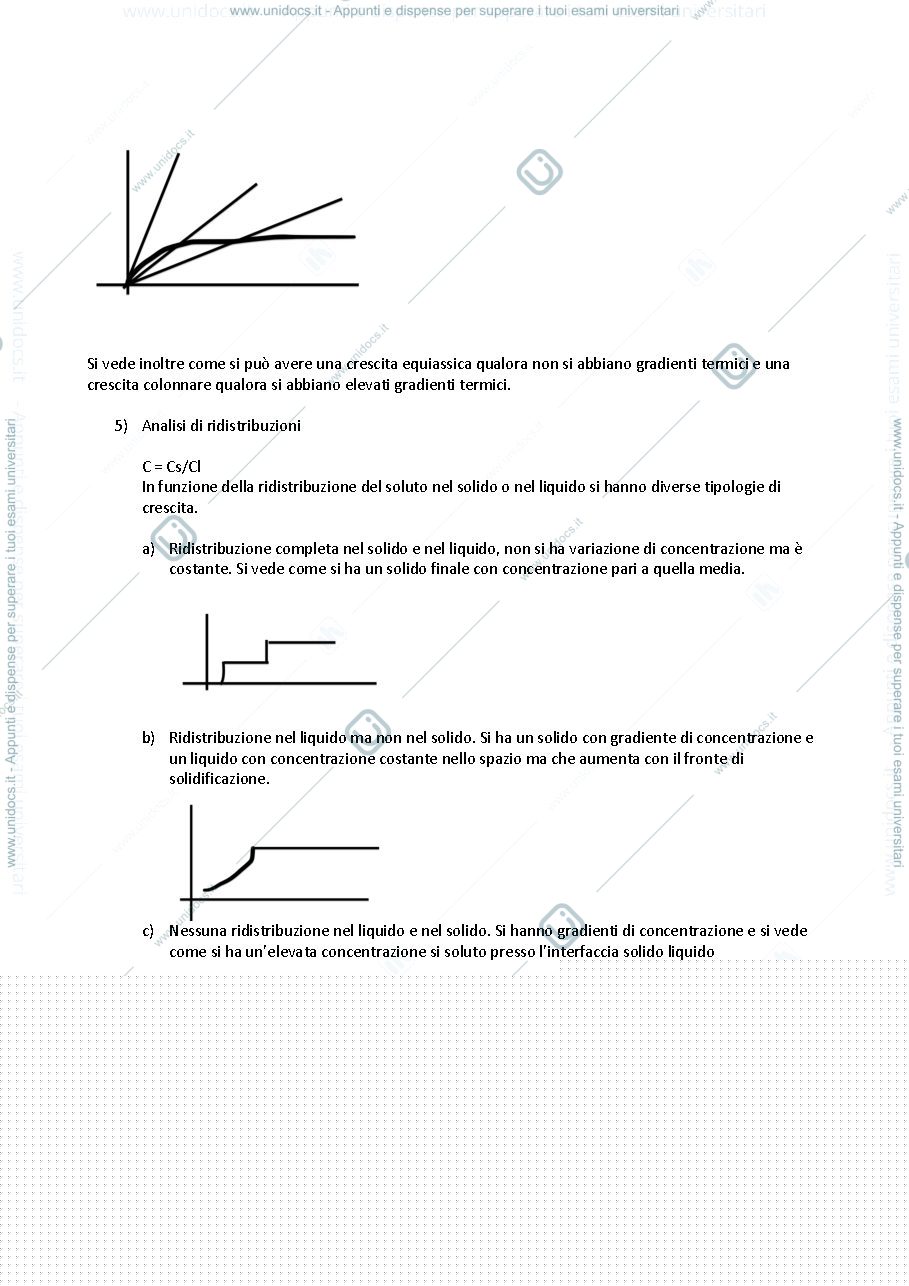 Anteprima pagina 3 — Tecnologie metallurgiche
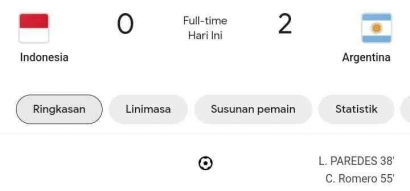 FIFA Matchday Indonesia vs Argentina Menjadi Kemenangan Tim Tango Argentina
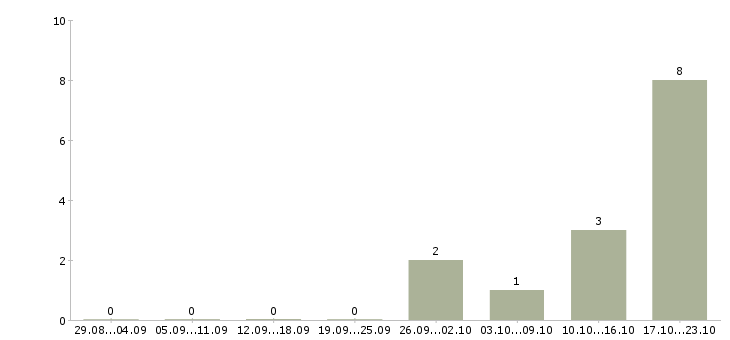 Работа программист на javascript в Саратове - Число вакансий в Саратове по специальности программист на javascript за 2 месяца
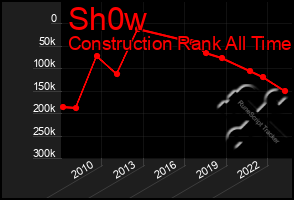 Total Graph of Sh0w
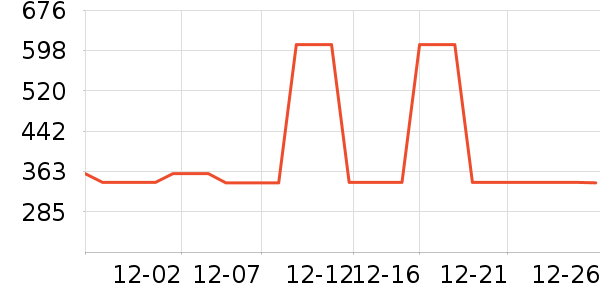 ���ջ����װ��ʷ�۸�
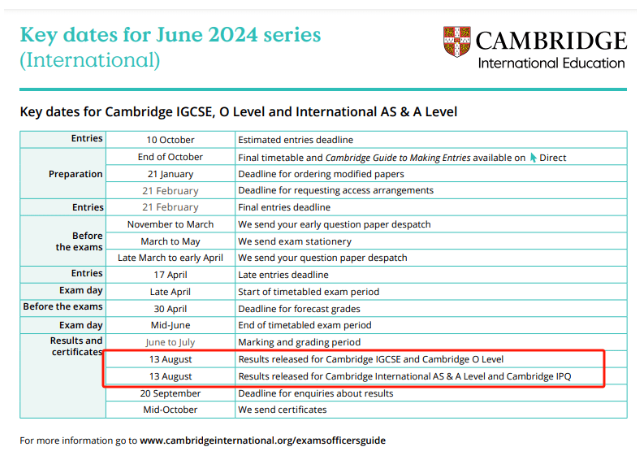 2024年A-level/IGCSE夏季大考出分时间安排！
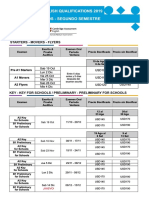 Cambridge English Exams Dates Fees Second Semester 2019 Español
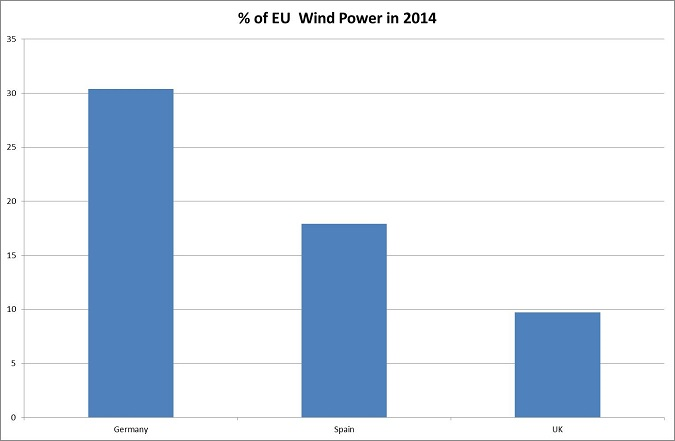 Percentage of Wind Power in the EU in 2014 - Germany top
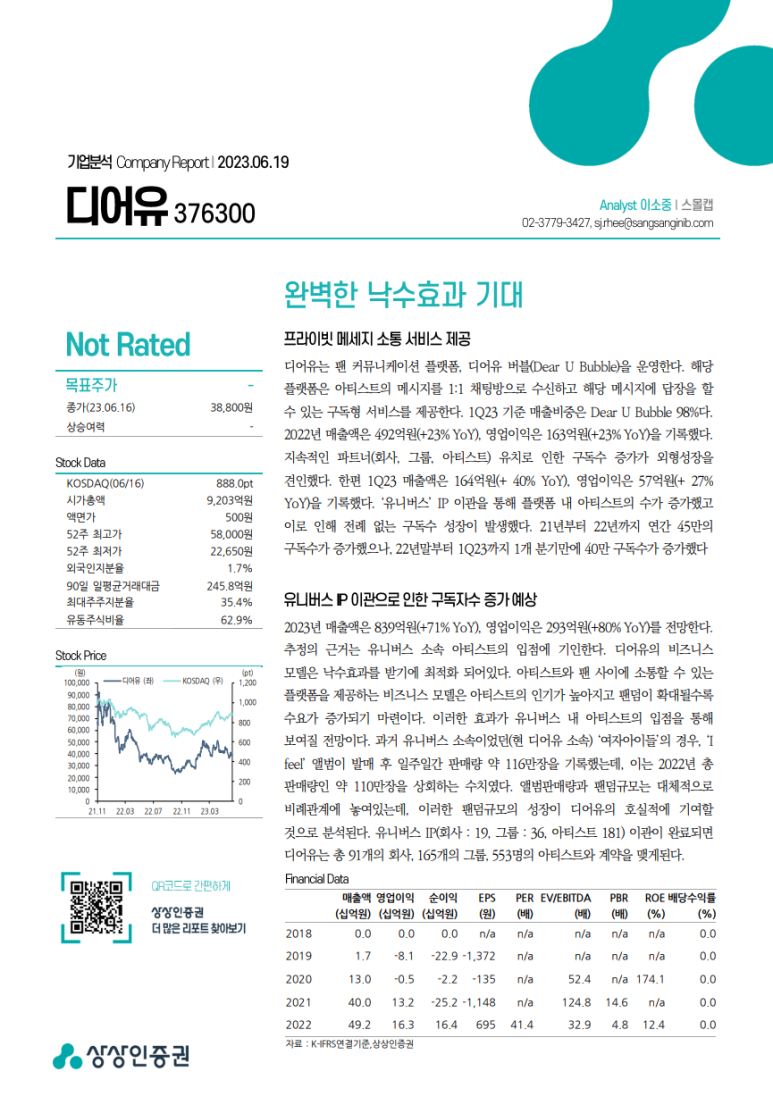 상상디앤씨 이미지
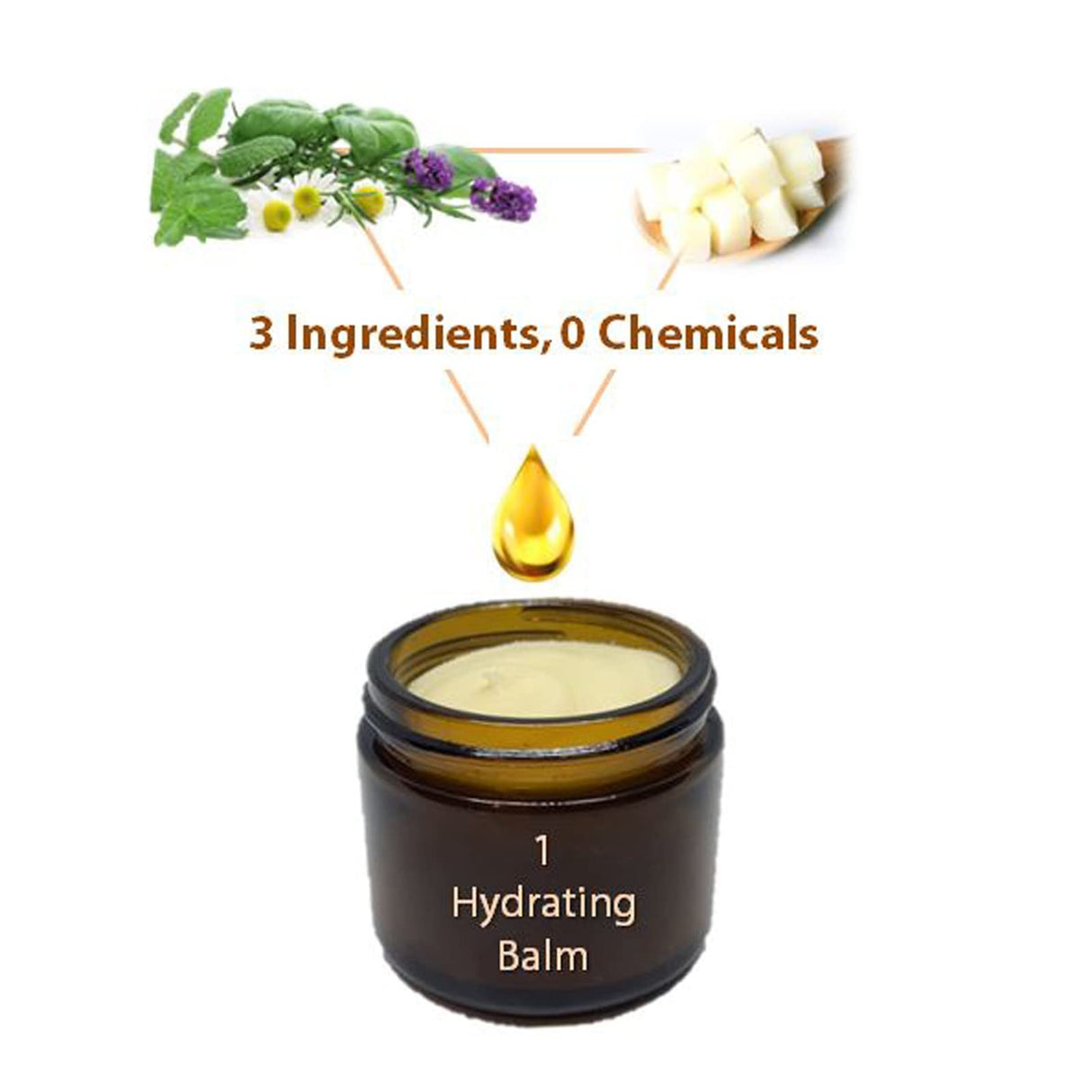 Vintage Tradition Beef Tallow All Purpose Balm - Healing, Hydrating Men’s Skin Care Salve Replaces Body Lotion, Hand Cream, More - Essential Oil, Olive Oil, and Grass-Fed Tallow, 2 fl. oz.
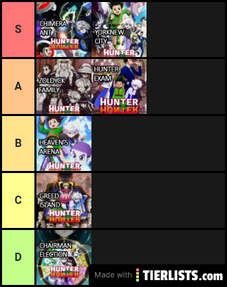 My hxh arc tier list . What do u think : r/HunterXHunter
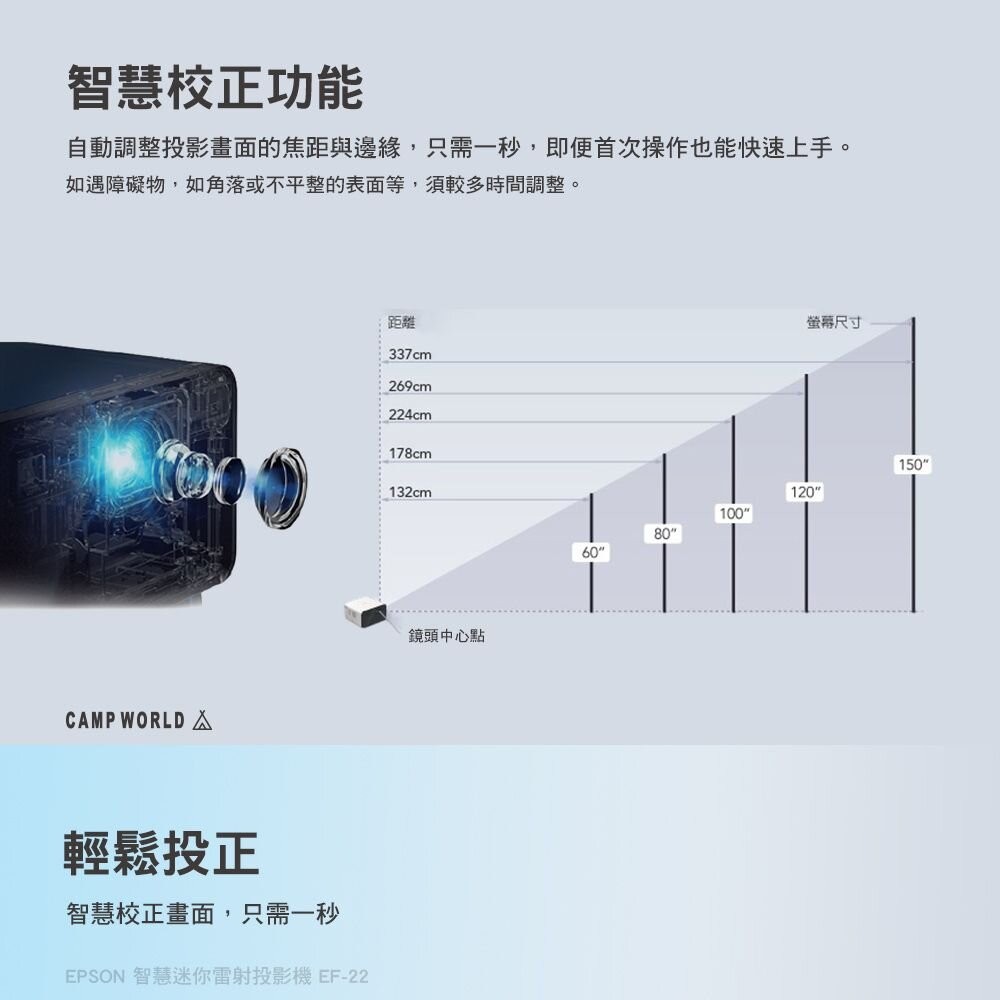 EPSON 智慧迷你雷射投影機 EF-22 雷射投影機 露營 逐露天下-細節圖7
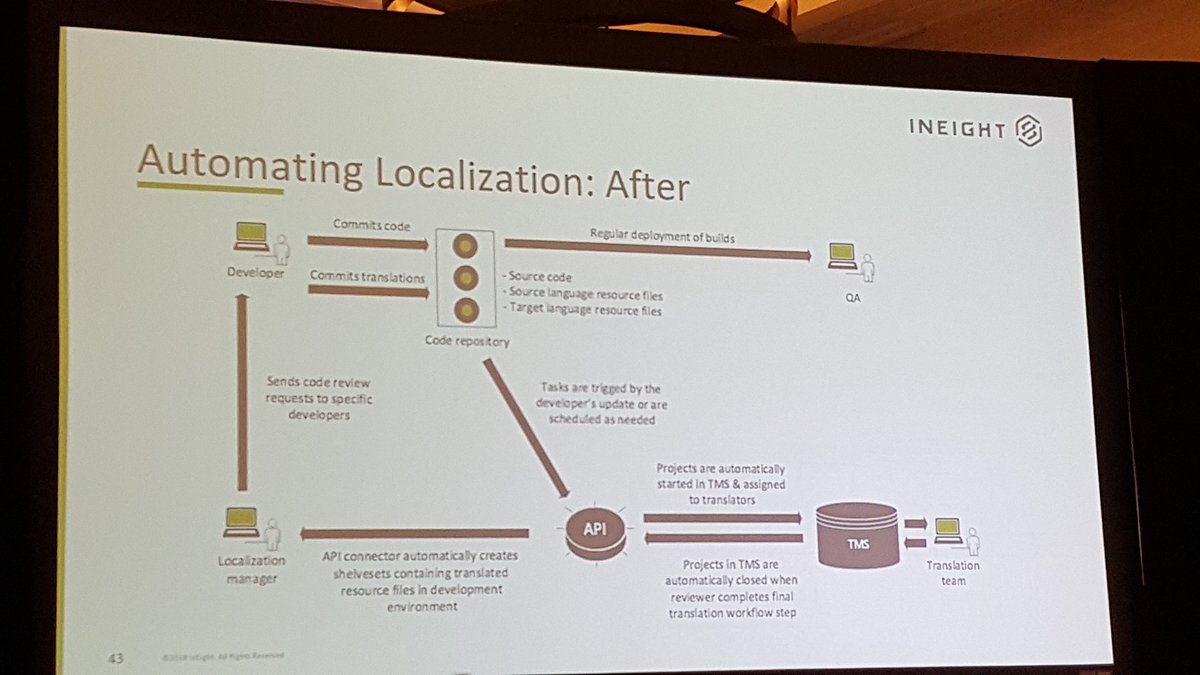 alexandermccate's tweet photo. Meanwhile at the advanced training session 👨‍🔬 💻🖱️
#XTMLIVEBOSTON #languages #localization #l10n #t9n #i18n #translation #goglobal #globalization #localisation https://t.co/kDGaXkgH1b https://t.co/TkZ8ZAamrd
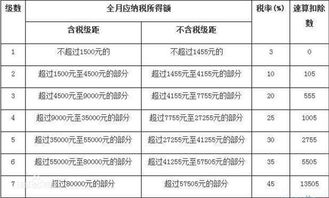 帮我算一下这个扣个人所得税是多少,怎么算的,就给我计算公式就行 数字就行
■ ■ ■ ■
## What to produce
For this exercise, give the listing again exactly as written, with the pictures omitted.

## Exercise answer
 Anteprima pagina 3 — Tecnologie metallurgiche
 FIFA Matchday Indonesia vs Argentina Menjadi Kemenangan Tim Tango Argentina
 Работа программист на javascript в Саратове - Число вакансий в Саратове по специальности программист на javascript за 2 месяца
 Total Graph of Sh0w
 ���ջ����װ��ʷ�۸�
 2024年A-level/IGCSE夏季大考出分时间安排！
 Cambridge English Exams Dates Fees Second Semester 2019 Español
 Percentage of Wind Power in the EU in 2014 - Germany top
 상상디앤씨 이미지
 Vintage Tradition Beef Tallow All Purpose Balm - Healing, Hydrating Men’s Skin Care Salve Replaces Body Lotion, Hand Cream, More - Essential Oil, Olive Oil, and Grass-Fed Tallow, 2 fl. oz.
 My hxh arc tier list . What do u think : r/HunterXHunter
 EPSON 智慧迷你雷射投影機 EF-22 雷射投影機 露營 逐露天下-細節圖7
 alexandermccate's tweet photo. Meanwhile at the advanced training session 👨‍🔬 💻🖱️
#XTMLIVEBOSTON #languages #localization #l10n #t9n #i18n #translation #goglobal #globalization #localisation https://t.co/kDGaXkgH1b https://t.co/TkZ8ZAamrd
 帮我算一下这个扣个人所得税是多少,怎么算的,就给我计算公式就行 数字就行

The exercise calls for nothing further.